What is needed:
Produce an exact transcription of the data, with the images left out.
☆ ☆ ☆ ☆ ☆ ☆ ☆
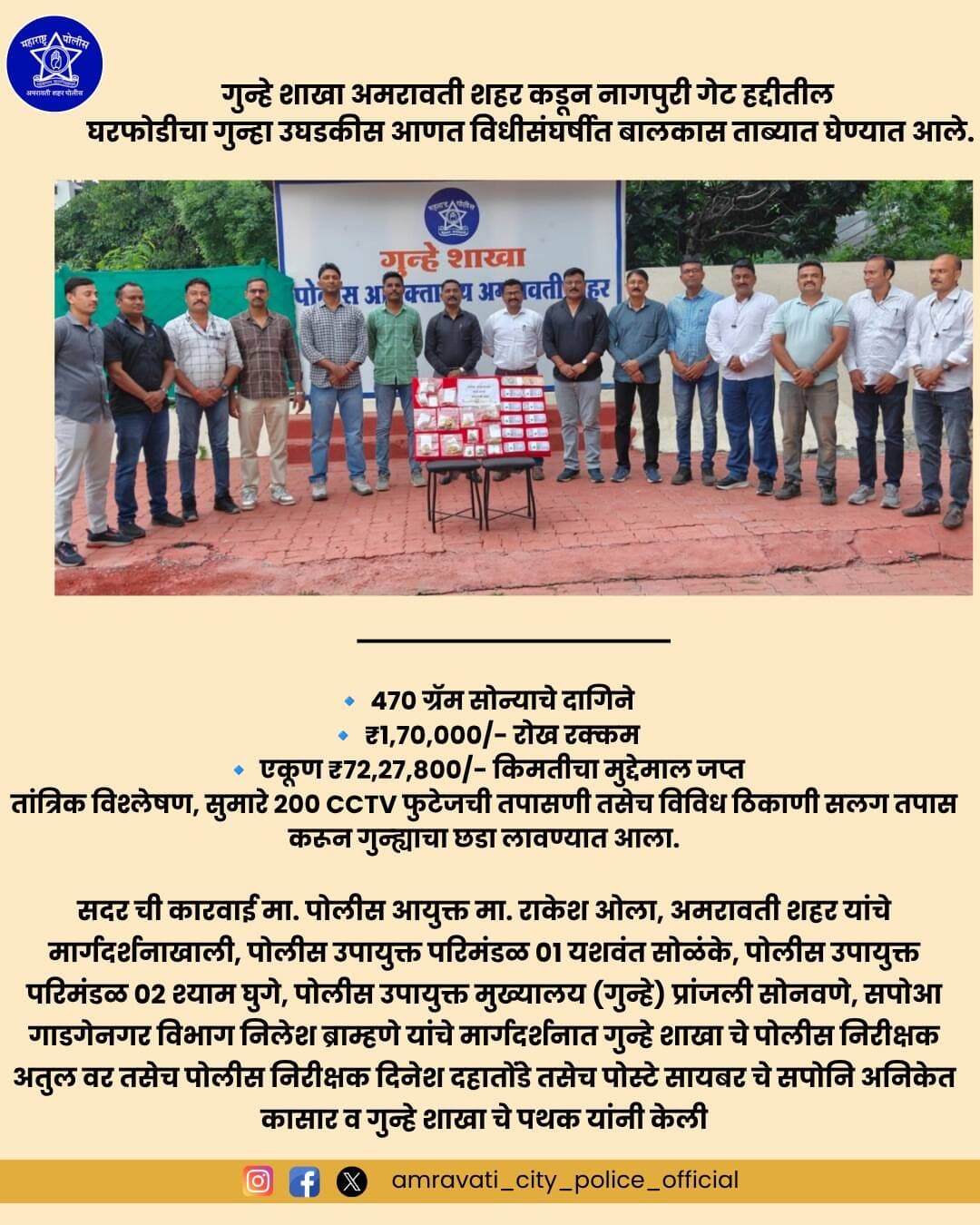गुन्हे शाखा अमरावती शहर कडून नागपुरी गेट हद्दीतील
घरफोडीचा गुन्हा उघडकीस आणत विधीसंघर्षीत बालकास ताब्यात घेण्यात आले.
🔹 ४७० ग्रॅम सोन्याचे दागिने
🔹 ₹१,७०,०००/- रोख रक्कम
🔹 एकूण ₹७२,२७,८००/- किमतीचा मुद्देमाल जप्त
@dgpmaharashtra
☆ ☆ ☆ ☆ ☆ ☆ ☆
Result of the exercise:
गुन्हे शाखा अमरावती शहर कडून नागपुरी गेट हद्दीतील
घरफोडीचा गुन्हा उघडकीस आणत विधीसंघर्षीत बालकास ताब्यात घेण्यात आले.
🔹 ४७० ग्रॅम सोन्याचे दागिने
🔹 ₹१,७०,०००/- रोख रक्कम
🔹 एकूण ₹७२,२७,८००/- किमतीचा मुद्देमाल जप्त
@dgpmaharashtra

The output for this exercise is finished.